- Coat of arms
- Interactive map of Gmina Nowogródek Pomorski
- Coordinates (Nowogródek Pomorski): 52°54′40″N 15°1′44″E﻿ / ﻿52.91111°N 15.02889°E
- Country: Poland
- Voivodeship: West Pomeranian
- County: Myślibórz
- Seat: Nowogródek Pomorski

Area
- • Total: 146.15 km^{2} (56.43 sq mi)

Population (2006)
- • Total: 3,282
- • Density: 22.46/km^{2} (58.16/sq mi)
- Website: http://www.nowogrodekpomorski.pl/

= Gmina Nowogródek Pomorski =

Gmina Nowogródek Pomorski is a rural gmina (administrative district) in Myślibórz County, West Pomeranian Voivodeship, in north-western Poland. Its seat is the village of Nowogródek Pomorski, which lies approximately 12 km east of Myślibórz and 64 km south-east of the regional capital Szczecin.

The gmina covers an area of 146.15 km2, and as of 2006 its total population is 3,282.

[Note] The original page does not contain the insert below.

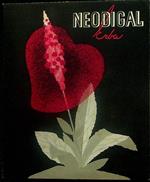 Neodigal: erba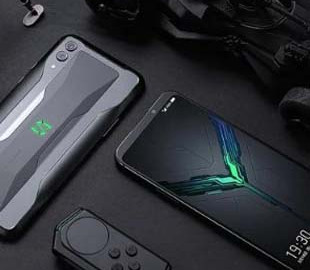 Смартфоны Black Shark получат оболочку JoyUI 12 на базе MIUI 12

The gmina contains part of the protected area called Barlinek-Gorzów Landscape Park.

==Villages==
Gmina Nowogródek Pomorski contains the villages and settlements of Chocień, Giżyn, Golin, Karlin, Karsko, Kinice, Kolonia Nowogródek Pomorski, Ławin, Lipin, Pachocino, Parzeńsko, Rataje, Rokitno, Smolary, Smólsko, Sołacz, Somin, Stawno, Sumiak, Świątki, Trzciniec, Trzcinna and Ulejno.

==Neighbouring gminas==
Gmina Nowogródek Pomorski is bordered by the gminas of Barlinek, Kłodawa, Lubiszyn and Myślibórz.